[Data section — start]
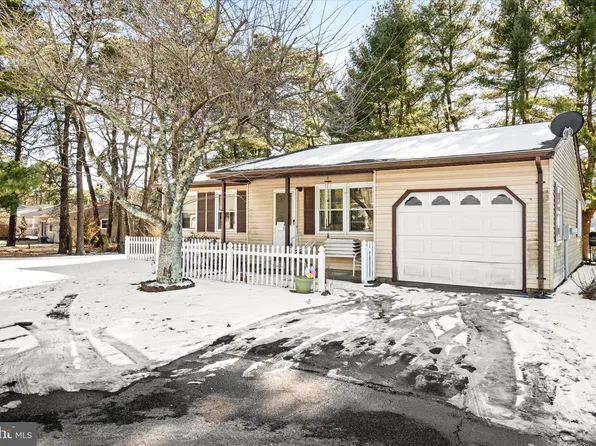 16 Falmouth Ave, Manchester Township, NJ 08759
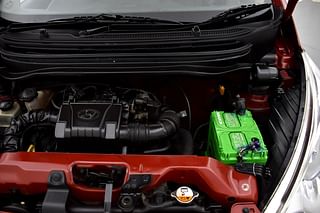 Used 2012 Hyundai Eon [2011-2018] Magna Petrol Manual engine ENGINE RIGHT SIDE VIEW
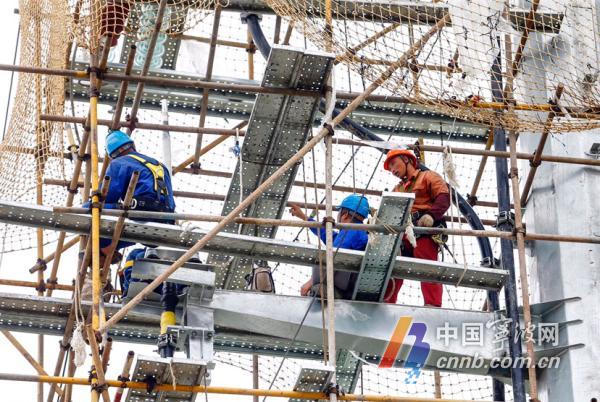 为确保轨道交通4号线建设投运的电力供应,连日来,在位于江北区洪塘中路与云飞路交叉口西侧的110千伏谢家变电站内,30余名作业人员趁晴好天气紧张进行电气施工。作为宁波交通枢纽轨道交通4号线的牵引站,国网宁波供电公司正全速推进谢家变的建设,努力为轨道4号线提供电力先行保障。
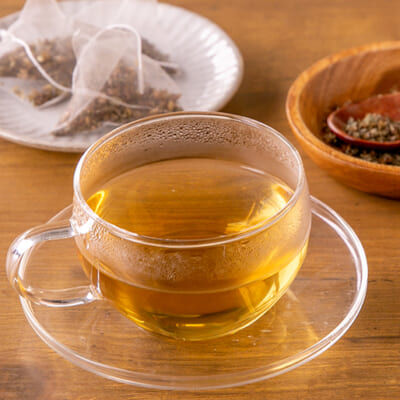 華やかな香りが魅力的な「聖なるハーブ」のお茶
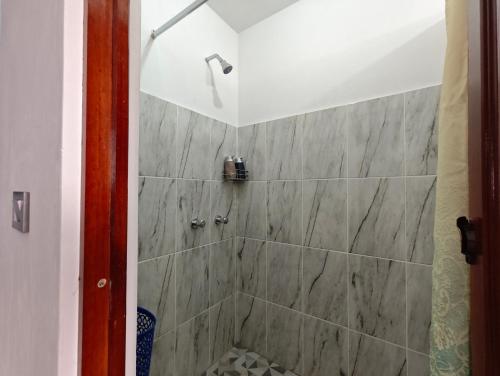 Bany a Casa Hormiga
[Data section — finish]
[Data section — start]
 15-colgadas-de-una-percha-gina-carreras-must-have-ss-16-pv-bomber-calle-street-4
[Data section — finish]
### About this task
Copy exactly the lines of the entries above from the one containing "16 Falmouth Ave, Manchester" through the one containing "为确保轨道交通4号线建设投运". Both end lines count; pictures do not.

### Solution for this task
 16 Falmouth Ave, Manchester Township, NJ 08759
 Used 2012 Hyundai Eon [2011-2018] Magna Petrol Manual engine ENGINE RIGHT SIDE VIEW
 为确保轨道交通4号线建设投运的电力供应,连日来,在位于江北区洪塘中路与云飞路交叉口西侧的110千伏谢家变电站内,30余名作业人员趁晴好天气紧张进行电气施工。作为宁波交通枢纽轨道交通4号线的牵引站,国网宁波供电公司正全速推进谢家变的建设,努力为轨道4号线提供电力先行保障。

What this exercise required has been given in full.